Abstract: Child Obesity Prevention Programs: Where Is the Evidence? (Society for Prevention Research 25th Annual Meeting)

154 Child Obesity Prevention Programs: Where Is the Evidence?

Schedule:
Wednesday, May 31, 2017
Bryce (Hyatt Regency Washington, Washington, DC)
* noted as presenting author
Jennifer M. DiNallo, PhD, Lead Research and Evaluation Scientist, Pennsylvania State University, University Park, PA
Erica L Rauff, PhD, Research Scientist, The Pennsylvania State University, State College, PA
Miranda P Kaye, PhD, Research Scientist, The Pennsylvania State University, State College, PA
Daniel Perkins, PhD, Lead Scientist and Founding Director, Pennsylvania State University, State College, PA
Introduction: The Resource Center for Obesity Prevention at the Clearinghouse for Military Family Readiness at Penn State has a database of child obesity prevention programs (manualized protocols currently available for dissemination to the public). Program components include: improving nutrition/diet; increasing physical activity; and reducing screen time; and use four strategies to promote behavior change: education, behavior-modification, environmental-modification, and direct strategies. We compared the components and strategies of programs with evidence of effectiveness for primary obesity outcomes (i.e., improved BMI) and secondary obesity outcomes (i.e., improved behaviors that positive/y obesity outcomes), to programs that lack evidence of effectiveness.

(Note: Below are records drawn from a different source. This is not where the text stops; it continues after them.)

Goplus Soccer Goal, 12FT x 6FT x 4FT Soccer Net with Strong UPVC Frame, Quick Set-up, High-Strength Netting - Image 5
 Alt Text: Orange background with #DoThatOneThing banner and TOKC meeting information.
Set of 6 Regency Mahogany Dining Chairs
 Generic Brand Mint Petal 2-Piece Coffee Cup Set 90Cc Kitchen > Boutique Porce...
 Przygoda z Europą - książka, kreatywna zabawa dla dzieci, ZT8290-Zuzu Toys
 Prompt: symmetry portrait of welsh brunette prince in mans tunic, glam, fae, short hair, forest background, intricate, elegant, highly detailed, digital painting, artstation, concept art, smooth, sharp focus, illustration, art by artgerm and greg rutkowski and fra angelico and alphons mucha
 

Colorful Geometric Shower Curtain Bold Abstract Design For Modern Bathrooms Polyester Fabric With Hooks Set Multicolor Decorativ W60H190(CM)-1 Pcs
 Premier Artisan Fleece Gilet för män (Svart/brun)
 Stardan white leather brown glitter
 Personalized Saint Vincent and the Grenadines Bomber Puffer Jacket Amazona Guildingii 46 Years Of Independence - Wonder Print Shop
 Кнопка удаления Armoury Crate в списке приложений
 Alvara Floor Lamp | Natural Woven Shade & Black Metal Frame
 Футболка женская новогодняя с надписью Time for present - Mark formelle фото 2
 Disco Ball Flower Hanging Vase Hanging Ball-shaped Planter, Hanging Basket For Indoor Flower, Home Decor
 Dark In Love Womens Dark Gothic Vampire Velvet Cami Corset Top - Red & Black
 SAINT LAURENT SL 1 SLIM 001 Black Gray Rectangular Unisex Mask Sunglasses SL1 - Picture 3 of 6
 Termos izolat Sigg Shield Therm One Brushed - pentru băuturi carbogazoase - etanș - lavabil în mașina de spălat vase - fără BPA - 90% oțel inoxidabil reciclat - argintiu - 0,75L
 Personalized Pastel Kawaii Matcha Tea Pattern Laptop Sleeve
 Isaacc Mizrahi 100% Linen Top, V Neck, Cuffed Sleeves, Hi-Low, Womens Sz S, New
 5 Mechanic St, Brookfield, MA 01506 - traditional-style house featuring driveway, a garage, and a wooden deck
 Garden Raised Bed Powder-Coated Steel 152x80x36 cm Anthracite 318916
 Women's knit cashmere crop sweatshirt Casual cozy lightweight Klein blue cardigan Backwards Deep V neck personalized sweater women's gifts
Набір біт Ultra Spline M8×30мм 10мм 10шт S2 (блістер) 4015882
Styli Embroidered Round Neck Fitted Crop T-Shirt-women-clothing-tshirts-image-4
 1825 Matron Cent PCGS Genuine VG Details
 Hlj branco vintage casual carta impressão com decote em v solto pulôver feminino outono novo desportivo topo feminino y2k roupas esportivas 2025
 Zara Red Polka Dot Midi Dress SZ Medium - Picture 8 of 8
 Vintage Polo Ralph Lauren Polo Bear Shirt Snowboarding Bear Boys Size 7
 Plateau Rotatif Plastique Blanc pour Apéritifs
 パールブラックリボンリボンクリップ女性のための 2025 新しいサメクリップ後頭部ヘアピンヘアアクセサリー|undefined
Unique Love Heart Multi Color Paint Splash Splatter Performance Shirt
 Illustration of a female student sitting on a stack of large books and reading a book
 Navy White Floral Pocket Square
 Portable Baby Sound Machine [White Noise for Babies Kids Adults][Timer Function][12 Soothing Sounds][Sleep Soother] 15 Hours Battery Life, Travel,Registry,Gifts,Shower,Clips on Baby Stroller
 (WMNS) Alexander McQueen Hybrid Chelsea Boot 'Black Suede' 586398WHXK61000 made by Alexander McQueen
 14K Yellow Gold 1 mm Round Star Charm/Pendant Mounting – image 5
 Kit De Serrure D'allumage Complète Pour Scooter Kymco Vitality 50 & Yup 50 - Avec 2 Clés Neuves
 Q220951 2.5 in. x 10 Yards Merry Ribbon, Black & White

Methods: Of 262 child obesity programs reviewed and placed on the Clearinghouse Continuum of Evidence, 42 included evaluations of primary and/or secondary obesity outcomes. Components and strategies of programs with significant versus non-significant primary only (n=3) and primary and secondary (n=18) obesity outcomes were compared. The impact of including parents (i.e., ‘no parent involvement’ to ‘required’) on program outcomes was also assessed.

Results: Programs that incorporated a ‘reducing screen time’ component (X2[1] = 7.29, p = 0.007) or education-based strategies (X2[1] = 4.04, p = 0.044) were significantly more likely to yield significant obesity outcomes. Most programs (83.3%) with a ‘reducing screen time’ component had significant positive obesity outcomes, whereas most programs (80%) that did not incorporate ‘reducing screen time’, did not yield significant outcomes. Programs that lacked education-based strategies did not yield significant obesity outcomes. Programs with significant obesity outcomes also had a higher degree of parent involvement, t(19) = 2.40, p = 0.027; DM = 1.15.

Conclusions: Childhood obesity programs vary depending on the behaviors they aim to change and the strategies they use. Successful programs tend to have two common traits: use of education-based strategies to ‘reduce screen time’, and a high degree of parent involvement. More research is needed to understand how additional strategies (behavior and environmental modification, and direct strategies) may improve program outcomes. Manualized protocols that have been evaluated and published are essential to build healthier communities. Translating research into practice and evaluating these practices is necessary to provide practitioners and clinicians with evidence-based programs and strategies to use with their populations, ultimately improving the health and well-being of all families.